2) Страдание, посланное судьбой, ведет к самоотрицанию воли прежде всего тогда, когда близка смерть; воля может быть сломлена и величайшим страданием, именно оно ведет к очищению и смирению; это — «внезапно вспыхнувший из очистительного пламени серебряный луч отрицания воли к жизни, то есть спасения, освобождения» (73. С. 485). Когда все вокруг рушится, когда законы психологии неприменимы, ибо человек остается словно без кожи, у него будто пелена спадает с глаз.

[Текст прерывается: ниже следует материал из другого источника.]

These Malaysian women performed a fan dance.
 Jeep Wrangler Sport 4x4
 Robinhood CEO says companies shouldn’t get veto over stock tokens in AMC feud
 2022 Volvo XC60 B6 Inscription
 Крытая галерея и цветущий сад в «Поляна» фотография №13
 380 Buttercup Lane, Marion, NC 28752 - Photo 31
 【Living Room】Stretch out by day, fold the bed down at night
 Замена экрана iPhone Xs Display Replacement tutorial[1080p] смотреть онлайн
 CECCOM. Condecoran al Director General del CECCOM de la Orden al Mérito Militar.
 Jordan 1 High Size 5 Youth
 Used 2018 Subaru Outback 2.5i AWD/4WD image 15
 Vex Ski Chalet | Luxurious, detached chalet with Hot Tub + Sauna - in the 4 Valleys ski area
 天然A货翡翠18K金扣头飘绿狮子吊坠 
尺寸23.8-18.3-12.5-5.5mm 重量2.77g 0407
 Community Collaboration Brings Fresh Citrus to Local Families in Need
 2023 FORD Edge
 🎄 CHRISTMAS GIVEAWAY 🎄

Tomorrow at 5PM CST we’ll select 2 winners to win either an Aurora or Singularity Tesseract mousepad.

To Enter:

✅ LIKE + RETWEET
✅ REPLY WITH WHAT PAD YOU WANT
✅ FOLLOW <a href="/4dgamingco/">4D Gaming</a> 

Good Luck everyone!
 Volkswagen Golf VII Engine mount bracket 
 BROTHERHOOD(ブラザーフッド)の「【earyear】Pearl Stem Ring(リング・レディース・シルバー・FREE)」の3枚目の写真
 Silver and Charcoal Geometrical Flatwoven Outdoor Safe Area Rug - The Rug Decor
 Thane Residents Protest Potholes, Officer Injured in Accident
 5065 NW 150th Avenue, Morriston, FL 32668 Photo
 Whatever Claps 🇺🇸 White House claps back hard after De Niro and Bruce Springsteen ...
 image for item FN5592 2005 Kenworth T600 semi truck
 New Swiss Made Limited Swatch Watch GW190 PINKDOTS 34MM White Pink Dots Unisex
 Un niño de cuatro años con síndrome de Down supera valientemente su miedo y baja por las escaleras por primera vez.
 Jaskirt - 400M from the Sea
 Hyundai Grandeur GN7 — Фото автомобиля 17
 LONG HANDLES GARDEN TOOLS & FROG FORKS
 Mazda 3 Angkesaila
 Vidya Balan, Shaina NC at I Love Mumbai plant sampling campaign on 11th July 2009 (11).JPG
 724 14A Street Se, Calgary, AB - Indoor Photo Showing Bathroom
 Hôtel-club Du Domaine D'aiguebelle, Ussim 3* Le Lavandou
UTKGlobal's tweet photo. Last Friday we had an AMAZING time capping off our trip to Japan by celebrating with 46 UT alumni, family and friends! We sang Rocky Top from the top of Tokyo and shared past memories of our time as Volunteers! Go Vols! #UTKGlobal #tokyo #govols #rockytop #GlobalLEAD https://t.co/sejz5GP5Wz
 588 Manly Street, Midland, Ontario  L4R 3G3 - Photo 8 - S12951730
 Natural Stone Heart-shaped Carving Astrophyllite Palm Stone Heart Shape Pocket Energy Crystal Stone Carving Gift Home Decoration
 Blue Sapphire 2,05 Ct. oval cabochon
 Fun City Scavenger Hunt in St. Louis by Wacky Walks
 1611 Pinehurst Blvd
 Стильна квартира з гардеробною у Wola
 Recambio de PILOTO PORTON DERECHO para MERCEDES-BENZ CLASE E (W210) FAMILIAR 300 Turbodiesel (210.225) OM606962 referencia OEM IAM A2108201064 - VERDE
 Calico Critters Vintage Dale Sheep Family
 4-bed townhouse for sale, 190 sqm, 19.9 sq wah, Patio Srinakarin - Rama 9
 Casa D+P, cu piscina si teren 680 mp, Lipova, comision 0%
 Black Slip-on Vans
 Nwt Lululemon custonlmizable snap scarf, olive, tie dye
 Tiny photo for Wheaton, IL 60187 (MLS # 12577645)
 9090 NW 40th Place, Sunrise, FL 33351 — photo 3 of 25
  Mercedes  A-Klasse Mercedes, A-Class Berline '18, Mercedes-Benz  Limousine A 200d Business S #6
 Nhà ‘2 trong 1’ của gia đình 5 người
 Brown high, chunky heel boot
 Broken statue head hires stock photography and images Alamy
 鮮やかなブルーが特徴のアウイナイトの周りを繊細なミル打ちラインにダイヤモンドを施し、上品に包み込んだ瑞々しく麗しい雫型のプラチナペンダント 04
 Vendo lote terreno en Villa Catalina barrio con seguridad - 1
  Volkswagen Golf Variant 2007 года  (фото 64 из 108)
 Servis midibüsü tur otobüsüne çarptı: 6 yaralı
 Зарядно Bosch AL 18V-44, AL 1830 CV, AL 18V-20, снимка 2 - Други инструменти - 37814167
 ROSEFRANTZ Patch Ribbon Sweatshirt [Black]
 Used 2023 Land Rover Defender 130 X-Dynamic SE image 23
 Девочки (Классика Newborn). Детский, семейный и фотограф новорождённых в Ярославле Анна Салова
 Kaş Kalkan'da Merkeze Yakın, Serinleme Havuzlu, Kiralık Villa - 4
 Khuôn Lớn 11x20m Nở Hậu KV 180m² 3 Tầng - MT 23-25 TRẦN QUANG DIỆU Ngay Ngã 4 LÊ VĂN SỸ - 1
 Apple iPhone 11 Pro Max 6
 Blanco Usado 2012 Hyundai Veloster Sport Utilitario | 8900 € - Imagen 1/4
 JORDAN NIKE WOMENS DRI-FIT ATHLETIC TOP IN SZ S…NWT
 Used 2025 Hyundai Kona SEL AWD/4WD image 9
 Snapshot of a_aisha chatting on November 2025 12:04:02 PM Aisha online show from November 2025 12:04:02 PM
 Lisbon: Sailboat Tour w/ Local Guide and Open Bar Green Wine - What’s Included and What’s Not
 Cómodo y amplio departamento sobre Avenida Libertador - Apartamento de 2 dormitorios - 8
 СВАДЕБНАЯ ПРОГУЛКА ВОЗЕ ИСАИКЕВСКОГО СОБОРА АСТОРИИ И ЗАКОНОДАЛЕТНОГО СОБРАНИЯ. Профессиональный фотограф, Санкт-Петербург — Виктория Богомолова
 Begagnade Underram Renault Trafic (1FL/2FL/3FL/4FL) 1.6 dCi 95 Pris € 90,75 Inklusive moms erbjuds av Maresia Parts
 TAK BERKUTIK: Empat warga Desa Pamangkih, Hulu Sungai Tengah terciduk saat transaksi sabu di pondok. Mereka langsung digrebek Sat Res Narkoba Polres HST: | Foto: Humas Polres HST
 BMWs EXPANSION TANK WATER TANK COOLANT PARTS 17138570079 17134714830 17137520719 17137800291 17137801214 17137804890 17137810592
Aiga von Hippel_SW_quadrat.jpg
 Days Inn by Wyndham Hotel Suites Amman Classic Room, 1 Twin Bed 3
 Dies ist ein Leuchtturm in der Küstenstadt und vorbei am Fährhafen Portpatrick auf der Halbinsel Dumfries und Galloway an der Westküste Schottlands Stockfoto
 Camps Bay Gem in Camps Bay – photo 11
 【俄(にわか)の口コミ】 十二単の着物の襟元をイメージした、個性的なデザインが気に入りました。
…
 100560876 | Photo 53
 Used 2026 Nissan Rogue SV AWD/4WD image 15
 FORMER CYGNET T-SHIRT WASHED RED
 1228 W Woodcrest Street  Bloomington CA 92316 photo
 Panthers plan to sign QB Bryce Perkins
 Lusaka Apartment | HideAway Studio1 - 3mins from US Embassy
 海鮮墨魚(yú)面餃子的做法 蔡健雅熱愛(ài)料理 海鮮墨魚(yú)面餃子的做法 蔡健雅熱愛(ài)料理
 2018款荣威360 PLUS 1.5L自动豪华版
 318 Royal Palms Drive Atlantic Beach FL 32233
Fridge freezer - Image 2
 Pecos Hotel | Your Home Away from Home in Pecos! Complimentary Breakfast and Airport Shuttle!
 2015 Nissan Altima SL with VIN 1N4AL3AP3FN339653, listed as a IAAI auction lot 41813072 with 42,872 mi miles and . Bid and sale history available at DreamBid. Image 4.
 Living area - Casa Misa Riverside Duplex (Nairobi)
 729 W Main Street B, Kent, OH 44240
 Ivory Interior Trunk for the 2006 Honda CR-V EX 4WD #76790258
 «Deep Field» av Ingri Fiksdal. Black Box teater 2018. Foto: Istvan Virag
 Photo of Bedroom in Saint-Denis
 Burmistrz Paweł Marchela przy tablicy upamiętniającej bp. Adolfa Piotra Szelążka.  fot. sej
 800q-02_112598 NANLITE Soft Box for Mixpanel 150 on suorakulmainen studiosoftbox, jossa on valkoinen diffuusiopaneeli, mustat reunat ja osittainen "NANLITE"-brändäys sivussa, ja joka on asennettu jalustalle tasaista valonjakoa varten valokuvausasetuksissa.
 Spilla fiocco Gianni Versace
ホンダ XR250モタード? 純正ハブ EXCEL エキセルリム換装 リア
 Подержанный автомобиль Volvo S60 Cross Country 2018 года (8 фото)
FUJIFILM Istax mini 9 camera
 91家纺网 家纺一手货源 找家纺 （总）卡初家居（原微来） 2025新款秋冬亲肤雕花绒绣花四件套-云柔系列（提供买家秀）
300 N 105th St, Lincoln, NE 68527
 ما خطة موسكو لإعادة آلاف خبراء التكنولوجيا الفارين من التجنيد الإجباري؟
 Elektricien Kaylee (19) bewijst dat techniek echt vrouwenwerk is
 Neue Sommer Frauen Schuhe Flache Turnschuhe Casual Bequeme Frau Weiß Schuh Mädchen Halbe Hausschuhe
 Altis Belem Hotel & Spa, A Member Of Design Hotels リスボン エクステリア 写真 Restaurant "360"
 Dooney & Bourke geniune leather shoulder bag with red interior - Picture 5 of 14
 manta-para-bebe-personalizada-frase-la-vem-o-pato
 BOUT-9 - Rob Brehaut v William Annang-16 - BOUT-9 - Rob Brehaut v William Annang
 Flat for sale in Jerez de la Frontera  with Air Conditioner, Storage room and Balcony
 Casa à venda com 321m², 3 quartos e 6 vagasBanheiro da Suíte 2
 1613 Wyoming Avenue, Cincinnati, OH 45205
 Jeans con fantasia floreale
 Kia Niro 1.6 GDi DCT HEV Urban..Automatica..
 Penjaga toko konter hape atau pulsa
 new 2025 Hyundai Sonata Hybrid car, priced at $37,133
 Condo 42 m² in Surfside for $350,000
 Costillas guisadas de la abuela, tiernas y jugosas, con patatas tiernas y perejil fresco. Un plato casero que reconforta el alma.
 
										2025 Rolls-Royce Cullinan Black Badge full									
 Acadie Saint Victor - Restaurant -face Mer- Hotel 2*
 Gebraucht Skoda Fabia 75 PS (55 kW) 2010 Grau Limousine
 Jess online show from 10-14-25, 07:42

Шопенгауэр приводит яркие примеры. В скорбной истории Гретхен в «Фаусте» он видит совершенный образец такого пути. Средневековый философ Раймунд Луллий (1235–1316) долго домогался благосклонности некоей красавицы; наконец она его впустила в свою спальню и, расшнуровав корсаж, показала ему обезображенную раком грудь. Потрясенный, как бы «заглянув в ад», он удалился от мира, стал аскетом. Бенвенуто Челлини дважды пережил подобный переворот — в тюрьме и во время тяжелой болезни. Вслед за Матиасом Клавдием Шопенгауэр называет такое поразительное преображение человека «кафолическим трансцендентальным изменением» (73. С. 486–487).
Отрицание воли — стержневая идея этики Шопенгауэра, — когда придет его время, не оставит равнодушными ни почитателей, ни противников. Утверждению волевого начала в человеке много внимания уделял Ницше, увидев в этой идее завуалированное христианство, чуждое, по его мнению, жизни. В обуздании воли виделся способ решения тупиковых житейских проблем. Позже, в «Афоризмах житейской мудрости» Шопенгауэр будет призывать к контролю за волей ради достойной жизни. Главный путь к отрицанию воли — в открывшейся истине о том, что воление множит страдания и что поэтому весьма благоразумно отказаться от потакания вечным желаниям и неумеренным потребностям, вести трезвую уравновешенную жизнь. Все это может показаться нереальным для такого существа, каким является человек. Ведь сам философ писал, что ради выгоды иной способен уничтожить ближнего, чтобы его жиром смазать свои сапоги. Достоевский же увидел готовность людей идти «против законов рассудка»: «…Люди зазнамо, то есть вполне понимая свои настоящие выгоды, бросались … на риск, на авось, … не только не желая указанной дороги, … упрямо, своевольно пробивали другую, отыскивая ее чуть ли в потемках… Упрямство и своеволие … приятнее всякой выгоды» (22. Т. 5. С. 110).
Последнее слово Шопенгауэра: «…необходимость — царство природы, свобода — царство благодати» (73. С. 496). Но какая сила удерживает тех, кто выбрал свободу самоотречением от воли, на путях спасения? Как это ни покажется удивительным для философа, который потратил столько бранных слов, хуля самого Бога и доказательства его существования, критикуя религию и Церковь, это — вера, но не в Бога, не та — моральная, которую обосновывал Кант, а та, целью которой является достижение благодати путем измененного познания, называемого «экстазом, отрешенностью, озарением, единением с Богом» и т.д. Об экстазе, озарении и отрешенности Шопенгауэр, как мы видели, писал, определяя место эстетического переживания в познании истины, теперь он распространил их и на спасительное для человека моральное поведение.